Segundo o Secretário-Adjunto para informação e Comunicação do MIC, António Tuma, logo que o Movimento Independentista anunciou a realização da marcha, programada para esta terça-feira 10 de Dezembro, o Governo angolano adoptou por uma postura semelhante à aplicação do “Estado de emergência em Cabinda”, tendo o Ministério do Interior reforçado os seus efectivos na Polícia de Ordem Pública, Polícia de guarda fronteira e SINSE (Serviço de Inteligência e Segurança do Estado) bem como o Ministério da Defesa terá optado por mobilizar para Cabinda mais efectivos das FAA (Forças Armadas Angolanas) e do SISM (Serviço de Informações de Segurança Militar).

António Tuma referiu também que “desde há cerca de uma semana” elementos do SINSE, juntamente com autoridades tradicionais e coordenadores de bairros, têm tentado dissuadir a população a não participar na marcha promovida pelo MIC. Uma acção, que o activista do MIC considerou de “intimidatória”, e que não passou despercebida nos bairros A Luta Continua, Lombe, Amílcar Cabral, Madombulo, Cabassango e Gika.

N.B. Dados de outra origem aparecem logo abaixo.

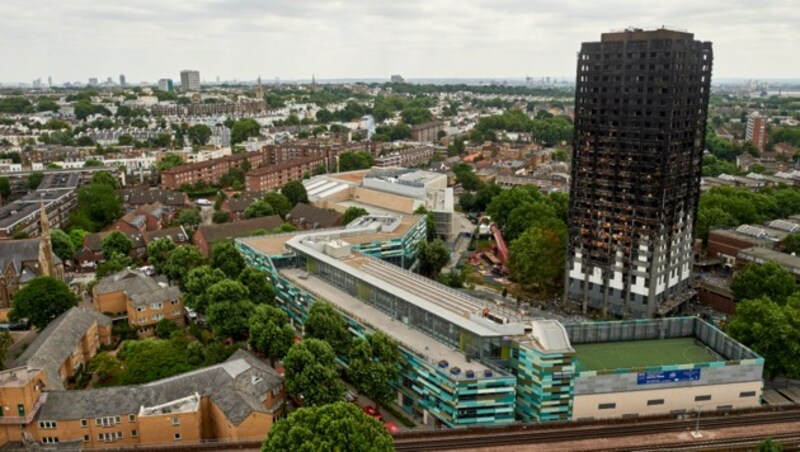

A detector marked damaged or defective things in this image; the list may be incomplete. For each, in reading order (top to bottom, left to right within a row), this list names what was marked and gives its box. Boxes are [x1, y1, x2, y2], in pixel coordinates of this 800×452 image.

charred tower block [568, 29, 712, 318]
burned facade [568, 29, 712, 318]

Testemunhos referem também uma presença “anormal” de elementos da polícia e de militantes do MPLA nas praças do Cabassango, São Pedro, Alto das Rolas, também conhecida como Praça Grande, e Tira Biquíni.

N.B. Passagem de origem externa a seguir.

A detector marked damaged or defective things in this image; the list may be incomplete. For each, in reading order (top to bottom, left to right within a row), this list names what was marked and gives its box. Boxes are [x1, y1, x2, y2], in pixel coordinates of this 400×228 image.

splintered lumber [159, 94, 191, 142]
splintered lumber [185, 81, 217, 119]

Esta terça-feira, 10 de Dezembro, quando o MPLA comemora o aniversário da sua criação e internacionalmente é celebrada a adopção pela ONU da Declaração Universal dos Direitos do Homem, o Movimento Independentista de Cabinda (MIC) apela à “desobediência civil” que será seguida por um conjunto de manifestações “sem data de término”, tal como declarou o presidente da organização Carlos Vemba. O MIC reclama o direito a um referendo de autodeterminação de Cabinda.